_TASK ITEM_: Word for word, repeat the records, leaving every picture behind.

────────────────

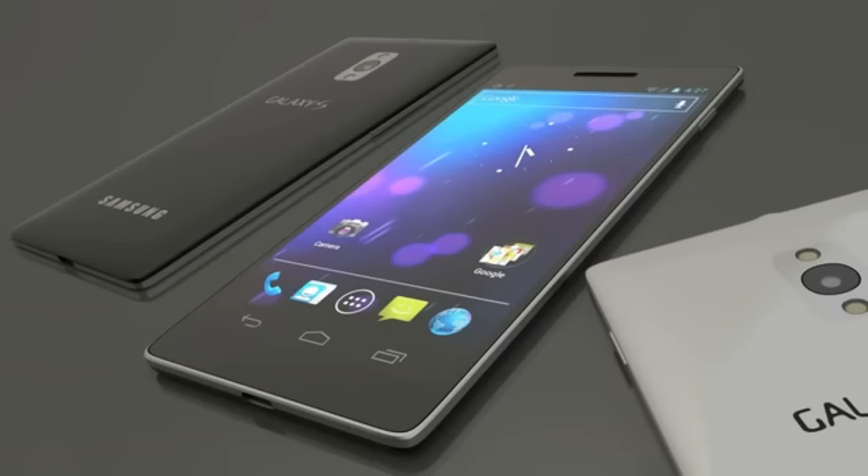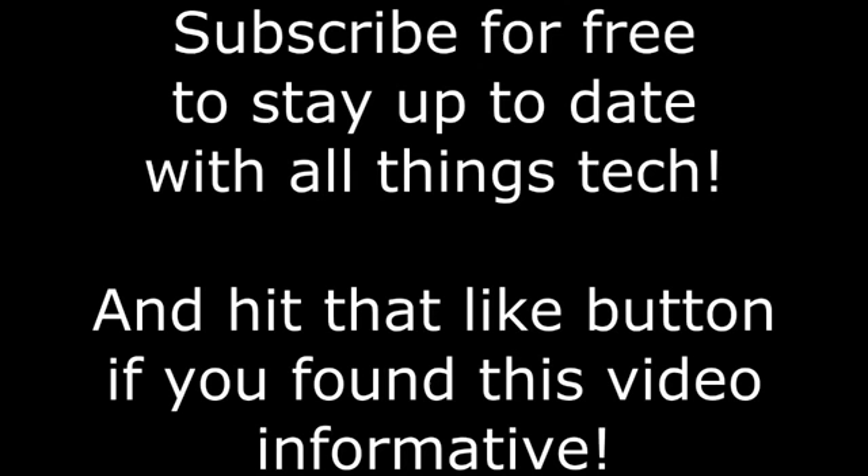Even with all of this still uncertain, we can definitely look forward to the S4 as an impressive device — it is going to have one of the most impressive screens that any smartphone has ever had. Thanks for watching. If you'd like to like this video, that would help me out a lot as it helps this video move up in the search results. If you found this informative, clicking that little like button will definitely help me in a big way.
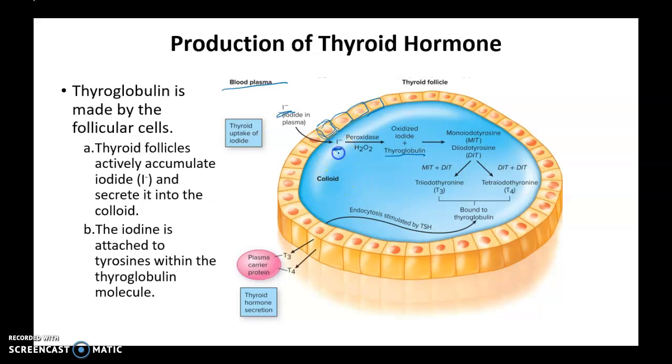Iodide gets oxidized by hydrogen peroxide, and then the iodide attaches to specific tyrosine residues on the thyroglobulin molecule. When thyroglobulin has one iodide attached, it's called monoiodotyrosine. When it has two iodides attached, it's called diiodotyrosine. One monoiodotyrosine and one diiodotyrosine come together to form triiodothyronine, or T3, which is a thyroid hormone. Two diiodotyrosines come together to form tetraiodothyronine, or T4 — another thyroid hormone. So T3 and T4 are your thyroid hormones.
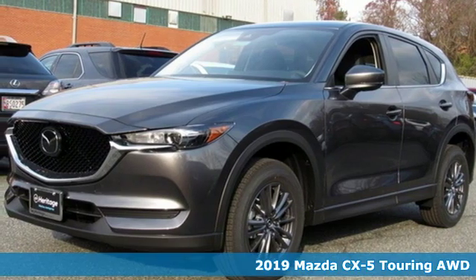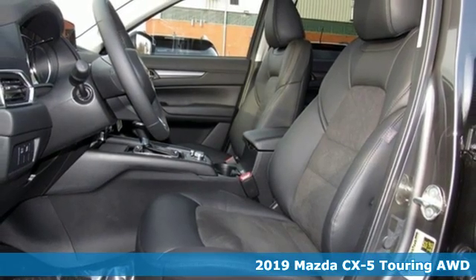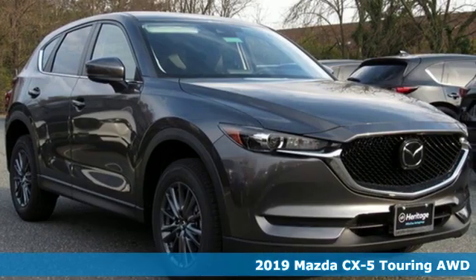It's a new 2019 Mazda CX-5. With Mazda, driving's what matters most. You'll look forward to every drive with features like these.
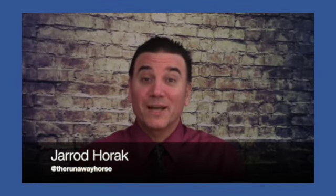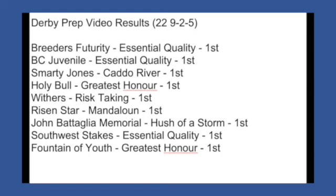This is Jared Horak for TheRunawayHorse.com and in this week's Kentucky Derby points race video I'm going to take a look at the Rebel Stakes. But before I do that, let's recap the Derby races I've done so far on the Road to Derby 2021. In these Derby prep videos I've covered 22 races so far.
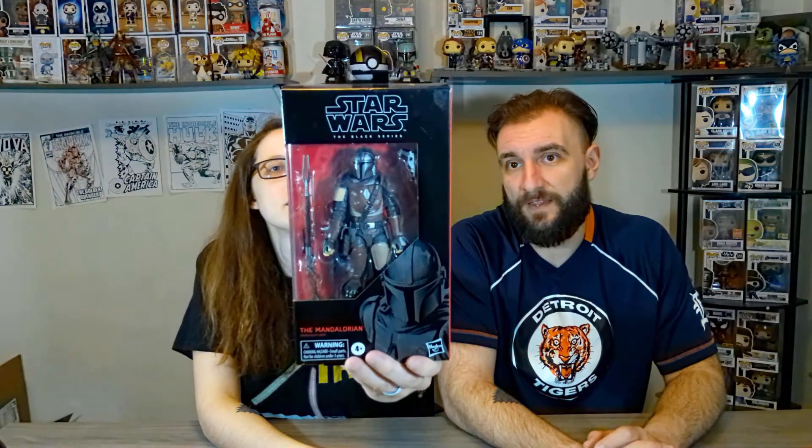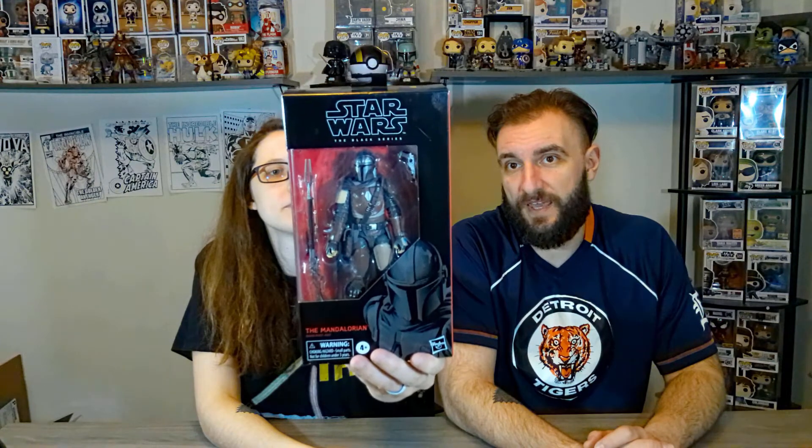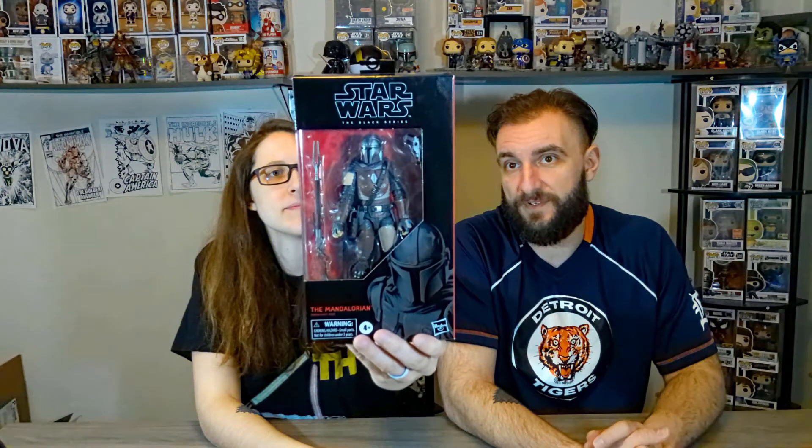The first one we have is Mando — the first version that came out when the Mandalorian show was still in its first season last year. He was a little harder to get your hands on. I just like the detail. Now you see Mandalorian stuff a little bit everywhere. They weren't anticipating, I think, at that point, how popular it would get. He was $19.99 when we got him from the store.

────────────────

_OUTPUT FOR THIS EXERCISE_:
Even with all of this still uncertain, we can definitely look forward to the S4 as an impressive device — it is going to have one of the most impressive screens that any smartphone has ever had. Thanks for watching. If you'd like to like this video, that would help me out a lot as it helps this video move up in the search results. If you found this informative, clicking that little like button will definitely help me in a big way.
Iodide gets oxidized by hydrogen peroxide, and then the iodide attaches to specific tyrosine residues on the thyroglobulin molecule. When thyroglobulin has one iodide attached, it's called monoiodotyrosine. When it has two iodides attached, it's called diiodotyrosine. One monoiodotyrosine and one diiodotyrosine come together to form triiodothyronine, or T3, which is a thyroid hormone. Two diiodotyrosines come together to form tetraiodothyronine, or T4 — another thyroid hormone. So T3 and T4 are your thyroid hormones.
It's a new 2019 Mazda CX-5. With Mazda, driving's what matters most. You'll look forward to every drive with features like these.
This is Jared Horak for TheRunawayHorse.com and in this week's Kentucky Derby points race video I'm going to take a look at the Rebel Stakes. But before I do that, let's recap the Derby races I've done so far on the Road to Derby 2021. In these Derby prep videos I've covered 22 races so far.
The first one we have is Mando — the first version that came out when the Mandalorian show was still in its first season last year. He was a little harder to get your hands on. I just like the detail. Now you see Mandalorian stuff a little bit everywhere. They weren't anticipating, I think, at that point, how popular it would get. He was $19.99 when we got him from the store.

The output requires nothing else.